The Continuous Improvement Blog

How a service company transformed their back office operations with Lean

Written by Colin McArdle on 18 Apr 2018


In today's increasingly competitive and demanding marketplace, there is a need for organisations in the service industry to minimise unnecessary costs, simplify processes, improve customer service, reduce non value adding activities and improve efficiency.

For businesses in the service industry, the cost of back office operations represent a significant portion of the total business overhead. And this is where companies should be focusing their process improvement and cost reduction activities.

For this reason, many Private Equity firms and private investors choose to apply Lean Management to their portfolio of companies in order to reduce the cost to serve and add value to the company.

In this blog post, we present a brief case study of how Kaizen Kulture Consultants successfully applied Lean to the back office operations of a UK service company to achieve a cost reduction of £590k.

We walk through the approach, key findings, recommendations and outcomes. Perhaps you could apply some of these improvements to your own back office operations?

Objective and approach

A service company with over 100 branches in the UK and more than 150 administration staff across all branches, were looking to centralise all their branch based administration activities to two locations.

The companies project team had designed a Target Operating Model (TOM) based on having up to  60 staff.
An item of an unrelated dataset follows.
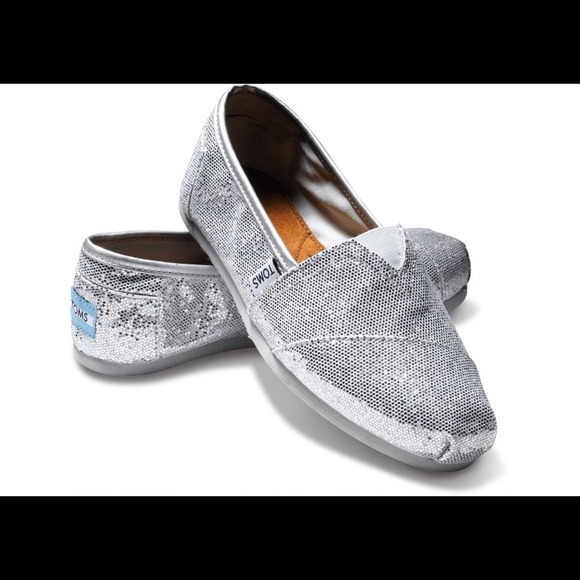 Silver sparkle Tom's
Before proceeding with the implementation their private equity investor requested they enlist the help of Kaizen Kulture’s expert Lean Consultants to validate the TOM design and assumptions made.

The key objectives of the Lean Diagnostic Assessment were to:

  • Identify and measure the full spectrum of current state processing activities.
  • Identify and measure the impact of current state non-value adding activities.
  • Using the findings and solutions identified, determine the productivity gap from current state to optimised future state design.
  • Recommend the future state TOM design for Management consideration.

The current state analysis took place over a period of 4 weeks, where a number of Lean tools  were applied including Demand Analysis and segmentation, Value Stream Mapping, process design for continuous flow and the identification of issues preventing right first time quality.

Key findings and recommendations

The current state analysis highlighted a number of significant improvements to the proposed TOM. These included:

Problem 1: Application forms with duplicate information were taking too long to process.

Solution: Simplify and remove duplicates from forms.

Benefit: Reduced labour time.

Problem 2: Application forms were completed with errors and missing information.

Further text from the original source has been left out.